Suisse

Marché immobilier commercial suisse

22/02/2021

Les investisseurs étrangers contrôlent 11% du total Le récent débat sur l'initiative d’une Commission parlementaire fédérale, qui dans le cadre de la «Lex Koller», vise à suspendre temporairement l'exemption d’autorisation pour l'acquisition d'immeubles «destinés à une activité commerciale ou professionnelle», soulève la question suivante: à quel point les investisseurs étrangers sont-ils réellement actifs en matière d’investissement immobilier commercial en Suisse? Le consultant immobilier international CBRE a mené l’enquête.

Une 770X513
Une 770X513
diaporama

Alors que le marché de l’investissement immobilier en Suisse reste relativement peu transparent, CBRE Suisse a pu compiler une base de données de transactions immobilières à l’échelle du pays à partir de ses propres sources et de sources externes, permettant de montrer la portée d’une éventuelle extension de la «Lex Koller».

Baisse après la crise

Selon nos estimations, les capitaux alloués par les investisseurs professionnels étrangers à l’achat d’immeubles commerciaux en Suisse ont totalisé environ 11% du volume total annuel des investissements, en moyenne, sur la dernière décennie. Cela représente CHF 750 millions par an sur un total d’environ CHF 6,8 milliards entre 2011 et 2020. Les volumes de vente ont été nettement plus importants que les acquisitions, ce qui s’est traduit par un désinvestissement net d’environ CHF 290 millions par an en moyenne sur la même période (cf. figure 1 ci-contre).

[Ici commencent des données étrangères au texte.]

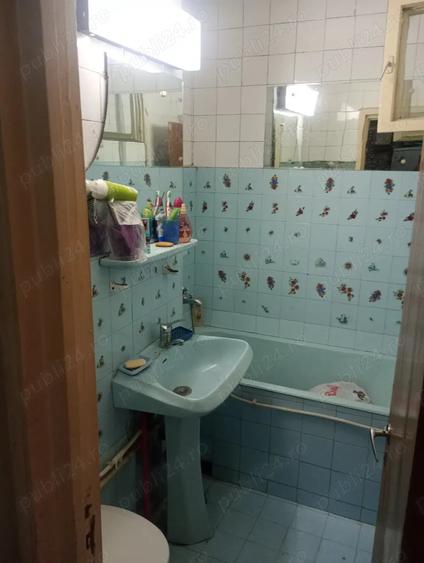 Apartament cu 4 camere decomandat în Mărăței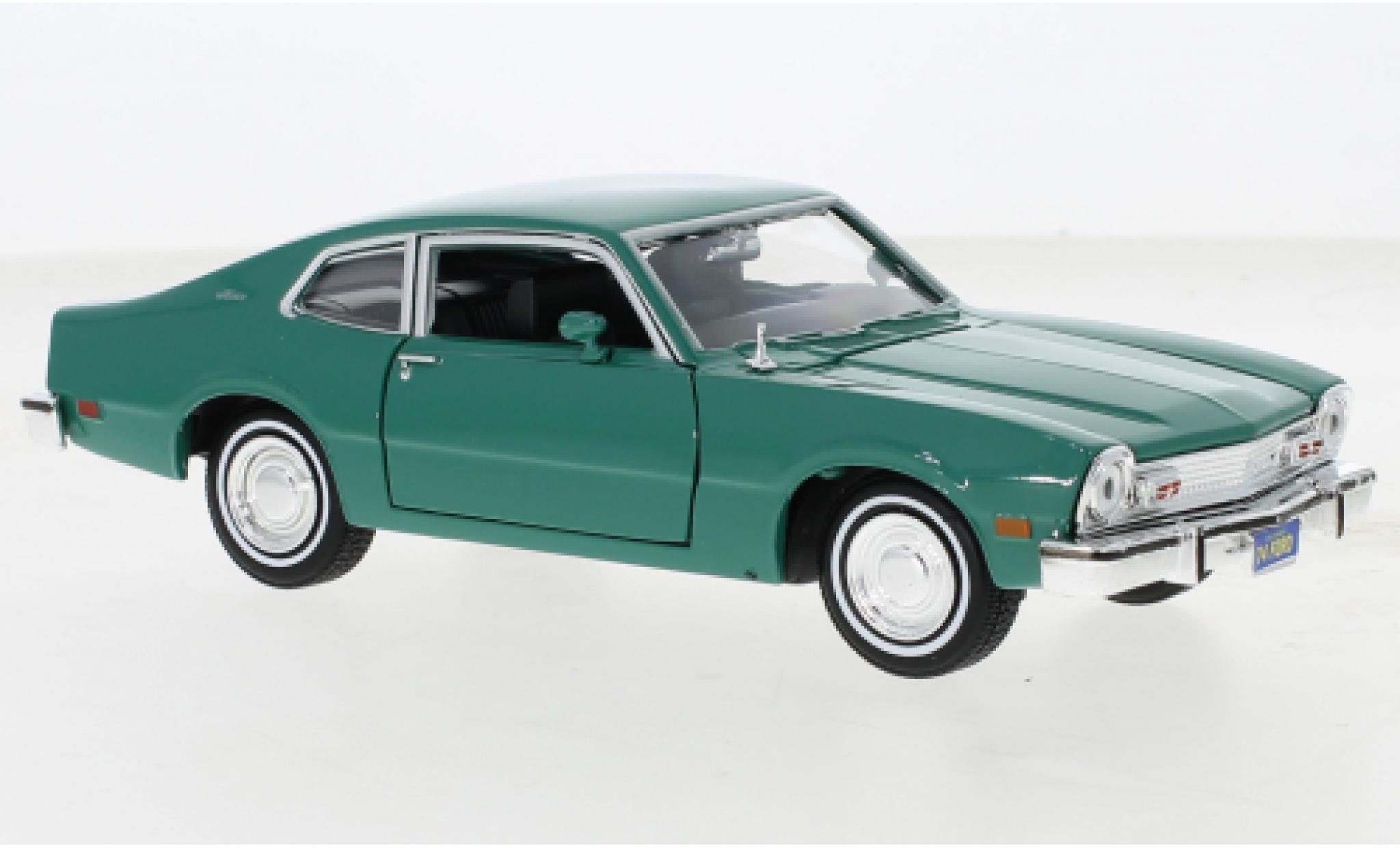 Ford Maverick 1/24 Motormax verde 1974 modellino in miniatura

Avant 2011, la proportion des investissements étrangers était plus élevée (15%), notamment entre 2005 et 2008, lorsque de nombreux investisseurs internationaux sont entrés sur le marché suisse, avant de se retirer partiellement après la crise financière. En effet, ces entités opèrent souvent avec des ratios d’endettement élevés, mais ont dû faire face à des pratiques d’allocation de capital plus strictes après la crise financière. Les conditions de refinancement étant devenues plus contraignantes, les opportunités d’investissement dans des actifs immobiliers en Suisse – relativement épargnés par la crise, contrairement à ceux de l’étranger – auront permis de réaliser des gains en capital et des gains de change attrayants.

Le désinvestissement net des investisseurs étrangers sur le marché immobilier suisse a été davantage marqué ces dernières années (2017 à 2019) par rapport aux années précédentes, notamment en raison de l’inflation des prix immobiliers et de la cherté du franc. En effet, au cours de cette période, les investissements étrangers ont été plus faibles que précédemment et n’ont représenté que 5% de l’investissement total. Ce constat ne s’applique pas à l’année 2020, marquée par le caractère exceptionnel de quelques transactions de très grand volume.

Les investisseurs étrangers prennent davantage de risques

Sur les dix dernières années, la moitié des volumes de transactions (investisseurs suisses et étrangers confondus) en immobilier commercial portaient des surfaces de bureaux, et environ un quart sur des commerces
(cf. figure 2 page 5). Toutefois, par rapport aux investissements suisses, une part nettement plus importante des capitaux étrangers a été allouée au secteur hôtelier.
Les investisseurs étrangers se positionnent souvent sur des actifs présentant un profil de risque/rendement plus élevé, que les investisseurs institutionnels suisses (fonds de pension, fondations de placement, compagnies d’assurance ou fonds immobiliers) ont tendance à éviter, voire dont ils sont exclus pour des raisons réglementaires. Les acteurs internationaux s’exposent plus particulièrement sur des segments alternatifs, que ce soit à des fins d’investissement et de rendement, ou bien pour usage propre en tant qu’utilisateurs finaux. Par conséquent, ces flux de capitaux transfrontaliers ont un effet stabilisateur sur le marché immobilier commercial en Suisse, en apportant des liquidités complémentaires aux acteurs locaux, même en période de difficultés économiques. Le constat est similaire sur des segments plus traditionnels, tels que les bureaux et les commerces, pour lesquels les investisseurs étrangers montrent une plus faible aversion au risque que la majorité des investisseurs suisses, fortement axés sur le secteur résidentiel.

Une grande partie des acheteurs étrangers engagés en Suisse au cours de la dernière décennie proviennent du Royaume-Uni, d’Allemagne et de France. En outre, les investisseurs israéliens ont une longue tradition d’investissement, en particulier dans le segment du commerce. Enfin les investisseurs asiatiques n’ont jusqu’alors joué qu’un rôle mineur, à l’exception du secteur hôtelier.